= Wizards Futbol Club =

Wizards Futbol Club establish in 2002, a youth soccer academy founded by Jose Burciaga Jr. in Dallas, TX.

Wizards FC is a community based not for profit organization designed to provide a high level of training and development that will prepare all players for college and beyond.

In Dallas Cup 2014: Wizards FC had two teams participating on the most competitive soccer event in the US and most recognized youth soccer in the world! With one team going to Finals.

==Partnership==

August 4, 2014 – Wolverhampton Wanderers of England have agreed to a partnership with Wizards FC.
Wizards FC coaches and players will have the opportunity to work with the academy coaches of Wolves in both North America and England, offering an insight into the player development program of one of the top English soccer academies. The partnership will provide players and coaches unparalleled access to a club renowned for producing world class players.
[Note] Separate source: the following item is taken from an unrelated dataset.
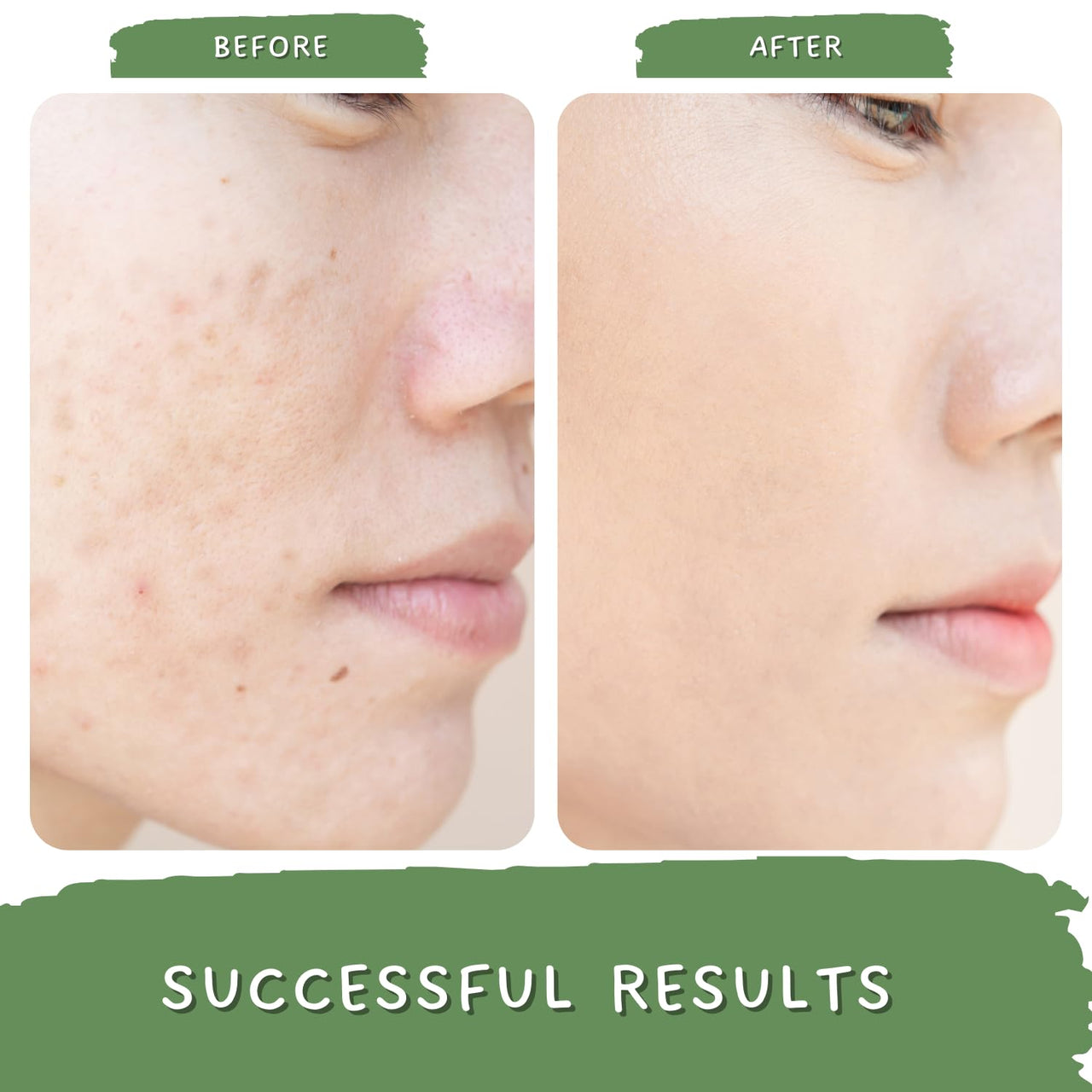 Mystiq Living Pigmentation Cream With Alpha Arbutin, Kojic Acid, Retinol & Niacinamide | Green Coffee Blemish Clear Cream for Dark Spots on Face - 50GM | Men & Women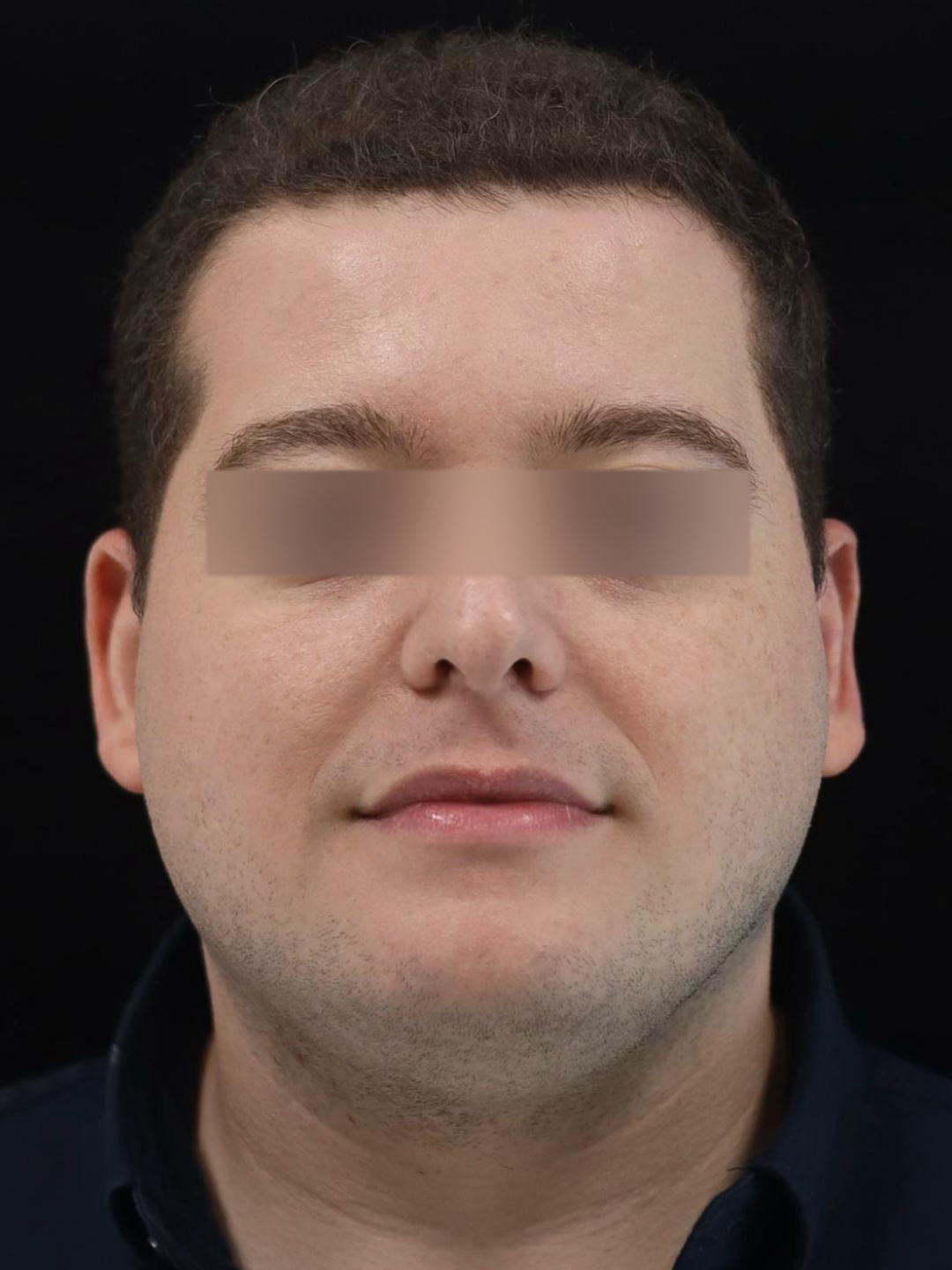 Resultado após Otoplastia (orelhas) realizado por Dr. Eduardo Zomer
The partnership will see the Wolves North American Academy hosting a series of Elite Player ID events with Wizards FC. Wolves will send Academy staff members over to work with Wizards FC players at these events. The best male and female players at these events will be invited to attend the Wolves National Camp. The National Camp will host the top players from each of our partner clubs in North America. From the National Camp, the top players will be invited to attend the Elite Player Tour at our Academy in Wolverhampton, England.

Jose Luis Burciaga Jr.- “We are excited about our new partnership with the Wolves and we are looking forward to working together to help develop our young players to become the next generation of soccer players. Thank you to Global Image Sports for thinking about our club, and thank you Wolves for the opportunity.”